When you repeat the records, keep every word exact and drop each picture.

▬▬▬▬▬▬

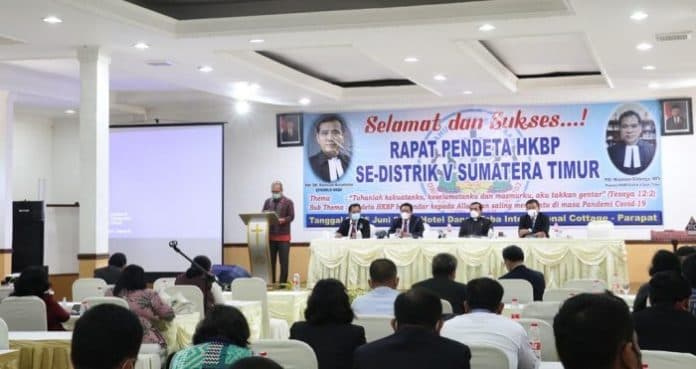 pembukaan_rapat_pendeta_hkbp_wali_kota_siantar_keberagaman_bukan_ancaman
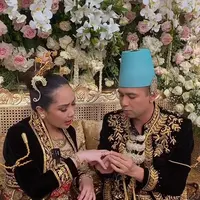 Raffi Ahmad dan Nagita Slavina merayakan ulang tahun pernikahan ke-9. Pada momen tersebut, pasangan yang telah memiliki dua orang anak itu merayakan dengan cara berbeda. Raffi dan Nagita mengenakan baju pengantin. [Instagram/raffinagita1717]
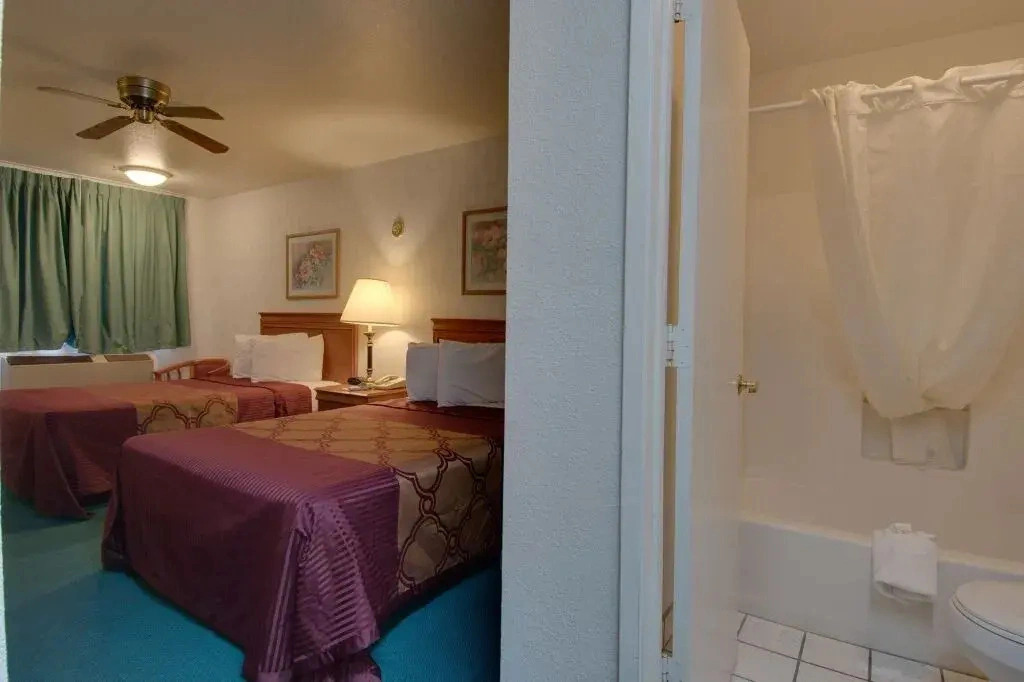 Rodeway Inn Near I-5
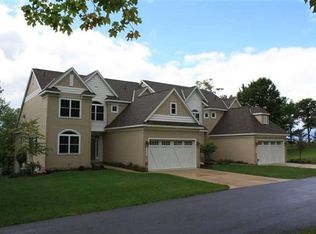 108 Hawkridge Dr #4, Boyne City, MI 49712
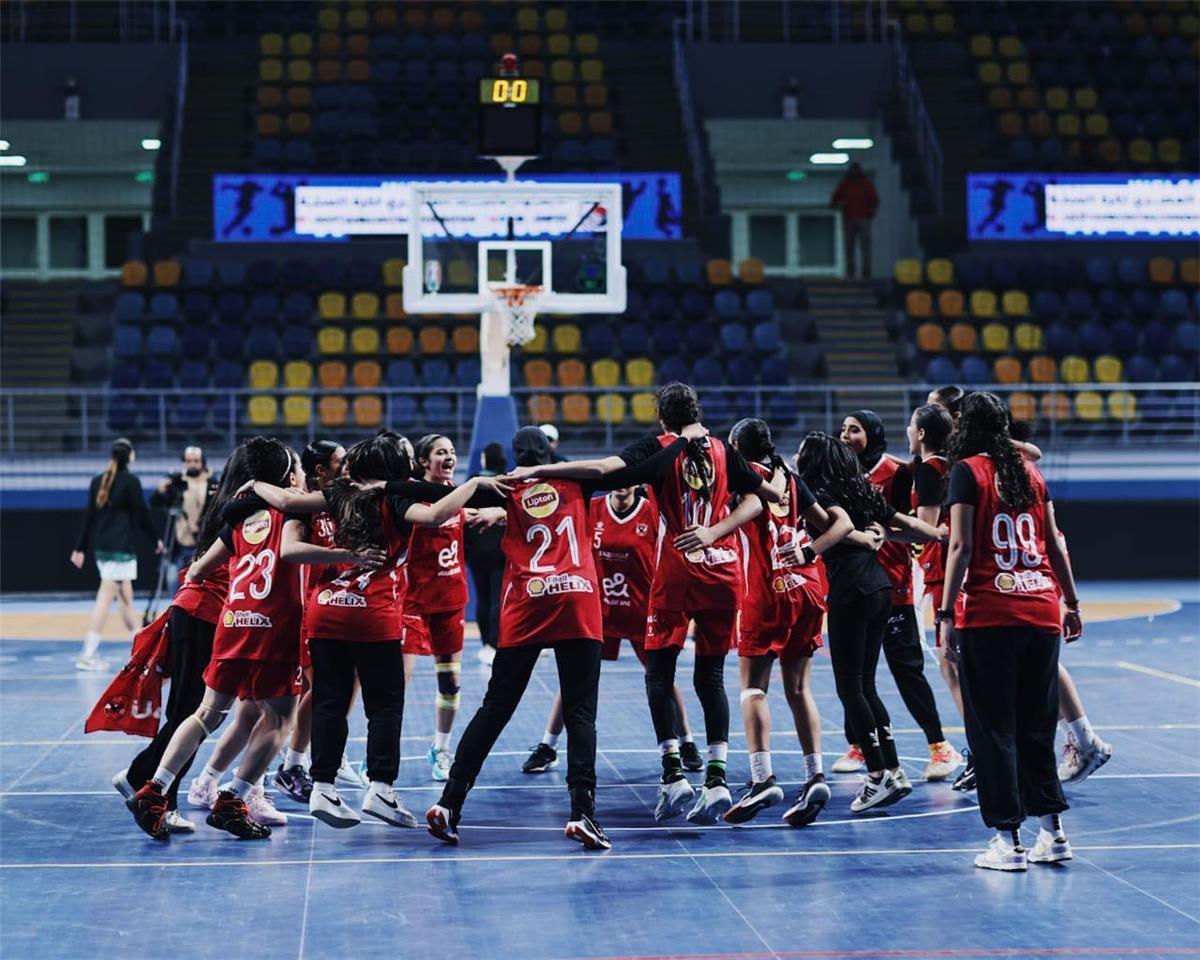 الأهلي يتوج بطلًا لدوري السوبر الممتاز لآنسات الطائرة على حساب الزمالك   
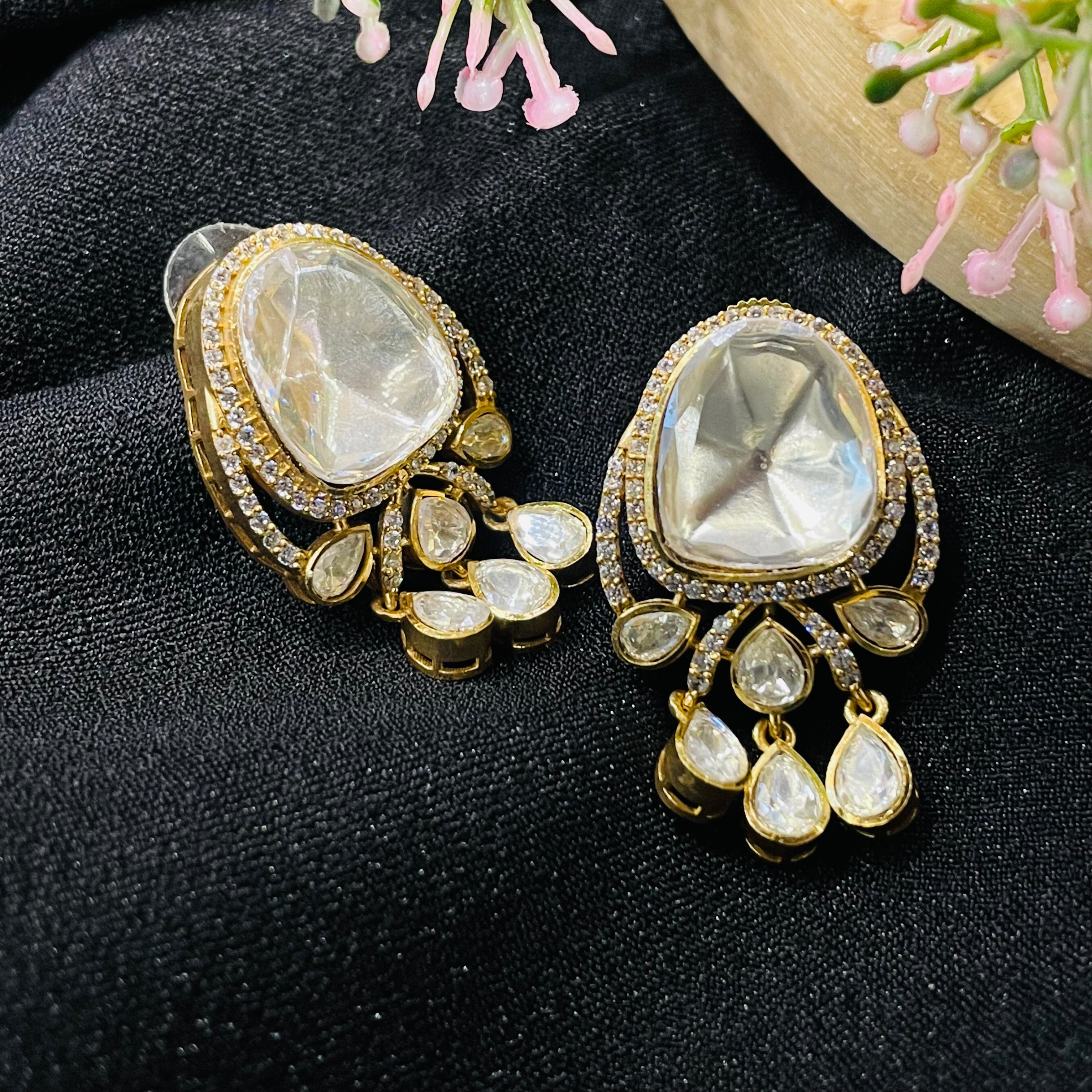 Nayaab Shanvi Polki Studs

▬▬▬▬▬▬

Exercise solution –
 pembukaan_rapat_pendeta_hkbp_wali_kota_siantar_keberagaman_bukan_ancaman
 Raffi Ahmad dan Nagita Slavina merayakan ulang tahun pernikahan ke-9. Pada momen tersebut, pasangan yang telah memiliki dua orang anak itu merayakan dengan cara berbeda. Raffi dan Nagita mengenakan baju pengantin. [Instagram/raffinagita1717]
 Rodeway Inn Near I-5
 108 Hawkridge Dr #4, Boyne City, MI 49712
 الأهلي يتوج بطلًا لدوري السوبر الممتاز لآنسات الطائرة على حساب الزمالك   
 Nayaab Shanvi Polki Studs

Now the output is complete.